# SS112 CHROME



## sprintertech (Nov 22, 2009)

the chrome is flaking around the bead and the tire cant seal (without help).....:aargh4:

i know ive heard this before.....but how many of you guys have had problems with the ss12 chrome wheels


----------



## Brute650i (Dec 17, 2008)

Don't they have lifetime warrenty? Call ITP and see what they will do for you


----------



## sprintertech (Nov 22, 2009)

Brute650i said:


> Don't they have lifetime warrenty? Call ITP and see what they will do for you



sent an email but they say 1yr on chrome.....lifetime on structural


----------



## Brute650i (Dec 17, 2008)

Ahh that's good to know wish I could help more. Maybe someone else can help you put


----------



## jmeier1981 (Aug 10, 2009)

Yeah they only claim a 12month finish warranty, that also includes the black and machined models


----------



## sprintertech (Nov 22, 2009)

well just for the record they didnt even respond......


----------



## bruiser quad (Nov 6, 2009)

could you dremel or grind down the surface of the beads....


----------



## NMKawierider (Apr 11, 2009)

How about some bead sealer?
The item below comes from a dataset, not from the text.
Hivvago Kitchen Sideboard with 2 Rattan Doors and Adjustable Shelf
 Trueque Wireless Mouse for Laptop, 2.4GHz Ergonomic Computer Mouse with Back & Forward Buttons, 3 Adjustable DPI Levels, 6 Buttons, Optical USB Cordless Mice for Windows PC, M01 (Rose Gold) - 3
Worked for me on some other rims I had.


----------



## sprintertech (Nov 22, 2009)

yep....i got the tire to seal...but its just a matter of time before the chrome peeling works its way to the outside....


----------



## Butch (Aug 29, 2009)

nmkawierider said:


> How about some bead sealer? Worked for me on some other rims I had.


 Yea, I use bead seal with a similar problem with my H2 wheels and fixed mine.


----------



## Joshua99ta (Mar 10, 2010)

yeah unforturnately they dont take a whole lot of abuse... we @ copiah creek a good bit and the rocks/sand definately put a beating on the chrome finish!


----------



## bruteman (Dec 29, 2008)

My buddy had kinda the same issue with some wheels he used silicone on the bead sealed it the first time never leaked again


----------